But God, being rich in mercy, because of His great love with which He loved us. (Ephesians 2:4)
Grace is God’s gift of something undeserved to believers, while mercy is God’s withholding of something deserved. God’s mercy and love are inseparable just as grace and love are. God gives us what we don’t deserve because He loves us. He holds back what we deserve because He loves us.
Before you start thinking of things you deserved that you didn’t get, and they’re things you wish you had gotten, pause to see the truth of God’s mercy. He gives us mercy from punishment and many consequences. He gives us mercy from pain, harshness, and persecution. These are all things that we deserve because of what we do (or don’t do), including what we think and what attitudes we develop and hang onto. Remember, God knows our intent. Yet because of His love for us, He withholds the blunt blows of much of what we deserve.
That doesn’t mean He protects us from all consequences, and I’m not just referring to consequences of our own messes but also of the world’s messes. We live in community. God didn’t create us for isolation. That means, what we do and don’t do impacts others and vice versa. If you think something in life has been a harsh reality check, perhaps even unjust, consider what it would be without God’s mercy. God doesn’t take things completely away (at least, not all the time) because He knows us intimately. He knows what impacts our lives, including lessons through experiences.

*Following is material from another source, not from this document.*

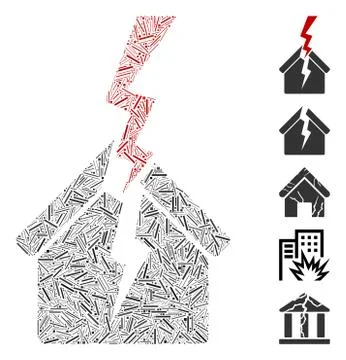 Hatch Collage House Break Ilustração Stock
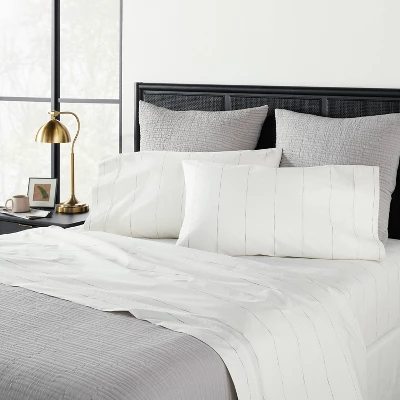 2pk Standard Cotton Percale Thin Stripe Pillowcase Set Sour Cream/Railroad Gray - Hearth & Hand™ With Magnolia 3 2pk Standard Cotton Percale Thin Stripe Pillowcase Set Sour Cream/Railroad Gray - Hearth & Hand™ With Magnolia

As a believer, it’s sometimes difficult to live God’s mercy—and grace—out loud in daily life. Even when we have full access to them through God and understand what they are, it can be difficult to access the insight to live them out. But let’s consider the verses that follow.
But God, being rich in mercy, because of His great love with which He loved us, even when we were dead in our transgressions, made us alive together with Christ (by grace you have been saved), and raised us up with Him, and seated us with Him in the heavenly places in Christ Jesus, so that in the ages to come He might show the surpassing riches of His grace in kindness toward us in Christ Jesus. For by grace you have been saved through faith; and that not of yourselves, it is the gift of God; not as a result of works, so that no one may boast. For we are His workmanship, created in Christ Jesus for good works, which God prepared beforehand so that we would walk in them. (Ephesians 2:4-10)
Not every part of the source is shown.